New guide (free): How to survive the AI age.
This is the most important guide I've written so far. For that reason, it’s fully free. If you find it useful, share it widely!
I’ve written this because my last article gave some of you serious anxiety (the main thesis was borrowed from David Oks: tech kills jobs not by automating tasks but by making them unnecessary). This is my attempt to give you something more useful than that.
The problem with advice for the future—especially coming from AI leaders—is that it says a lot to people who already know and nothing to those who don’t.
It presupposes the mindset it prescribes. “Be adaptive” only means something to someone who's already adaptive.
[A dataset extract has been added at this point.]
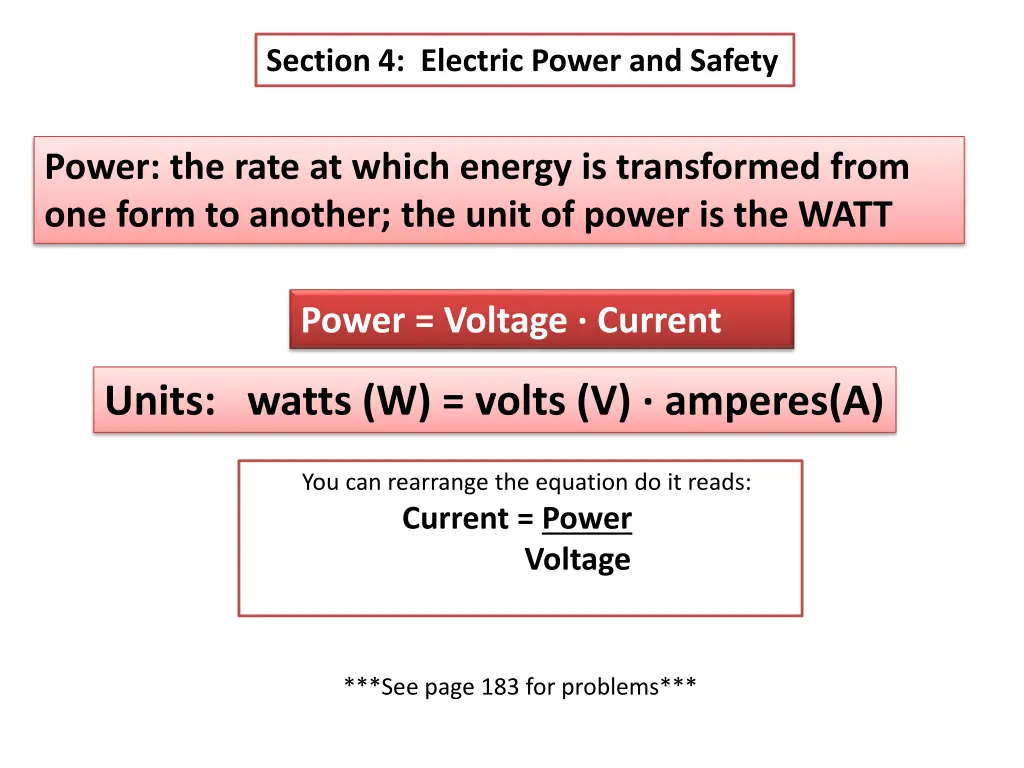 section 4 electric power and safety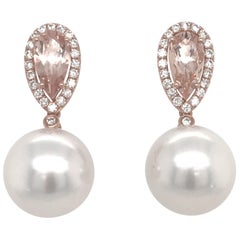 Morganite South Sea Pearl Diamond Earrings 2.53 Carat 18 Karat Rose Gold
Same thing for “learn to learn” or “don’t fall behind.” Yeah, ok: if you drown, I will shout: just swim!
This guide is the opposite of that. It’s more a set of principles than a recipe. Ultimately, no one knows what’s coming. In a way, this is me giving advice to myself out loud.
Talk to someone who survived an industry collapse. The specifics won't match, but the emotional arc will, and that arc is what makes the transition survivable.
Don’t obsess over learning AI skills. Take the single most tedious task in your job and try to automate it. You'll learn more from failing at that than from any course.
Untangle your finances from your identity. One is a logistics problem with concrete steps, the other is existential, and mixing them creates an anxiety blob you can't work on.
Keep one task permanently AI-free. A new Wharton study found that people with AI access followed wrong answers 80% of the time and grew more confident doing it.
Your opinion about AI is irrelevant. The labor market has already made its decision, and that decision—AI for the win!—is binding whether it's correct or wrong.
The gap between zero and competent is weeks of regular use. The gap between competent and expert is years. You don’t need to be an expert but competence goes a long way.
AI makes skilled people prolific and unskilled people into “slop cannons” (they produce a lot and can't tell if any of it is good). Hone your skills before offloading.
If you can now do in four hours what used to take eight, that's four hours back for your life. Most people fill them with more work instead. Don’t.